*Work to be completed:*
Only one stretch of the records below is wanted: the lines from the one holding "3 Bedroom Semi-Detached" through the one holding "VW Golf 1.0 TSI Confortline - 32". Return it exactly, both ends included.

=== Entries shown ===

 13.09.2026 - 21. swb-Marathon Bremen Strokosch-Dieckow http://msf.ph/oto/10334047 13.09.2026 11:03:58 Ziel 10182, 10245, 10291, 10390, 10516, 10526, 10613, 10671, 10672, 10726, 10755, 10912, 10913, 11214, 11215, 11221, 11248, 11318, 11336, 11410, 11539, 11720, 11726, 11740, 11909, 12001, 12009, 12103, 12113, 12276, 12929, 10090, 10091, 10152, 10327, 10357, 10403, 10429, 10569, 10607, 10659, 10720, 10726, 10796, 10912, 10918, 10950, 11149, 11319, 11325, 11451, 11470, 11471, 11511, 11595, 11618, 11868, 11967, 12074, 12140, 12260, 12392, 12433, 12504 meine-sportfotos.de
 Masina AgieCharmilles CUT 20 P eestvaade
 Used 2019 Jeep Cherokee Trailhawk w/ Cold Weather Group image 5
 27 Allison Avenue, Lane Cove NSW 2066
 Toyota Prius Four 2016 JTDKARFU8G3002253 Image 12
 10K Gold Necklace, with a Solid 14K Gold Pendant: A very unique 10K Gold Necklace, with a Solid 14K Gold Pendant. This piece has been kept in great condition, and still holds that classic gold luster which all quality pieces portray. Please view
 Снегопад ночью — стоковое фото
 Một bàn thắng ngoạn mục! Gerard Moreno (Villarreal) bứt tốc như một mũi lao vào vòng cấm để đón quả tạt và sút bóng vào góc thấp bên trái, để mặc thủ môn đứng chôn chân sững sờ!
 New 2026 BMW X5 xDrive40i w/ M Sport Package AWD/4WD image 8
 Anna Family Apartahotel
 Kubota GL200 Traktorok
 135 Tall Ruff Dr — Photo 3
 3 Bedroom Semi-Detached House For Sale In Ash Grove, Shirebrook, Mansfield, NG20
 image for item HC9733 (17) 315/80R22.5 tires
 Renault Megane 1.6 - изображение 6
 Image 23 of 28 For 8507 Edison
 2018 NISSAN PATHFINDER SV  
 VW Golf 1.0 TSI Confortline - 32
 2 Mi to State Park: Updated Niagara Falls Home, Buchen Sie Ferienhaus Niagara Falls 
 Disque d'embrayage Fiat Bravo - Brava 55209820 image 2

===

*Answer to the problem:*
 3 Bedroom Semi-Detached House For Sale In Ash Grove, Shirebrook, Mansfield, NG20
 image for item HC9733 (17) 315/80R22.5 tires
 Renault Megane 1.6 - изображение 6
 Image 23 of 28 For 8507 Edison
 2018 NISSAN PATHFINDER SV  
 VW Golf 1.0 TSI Confortline - 32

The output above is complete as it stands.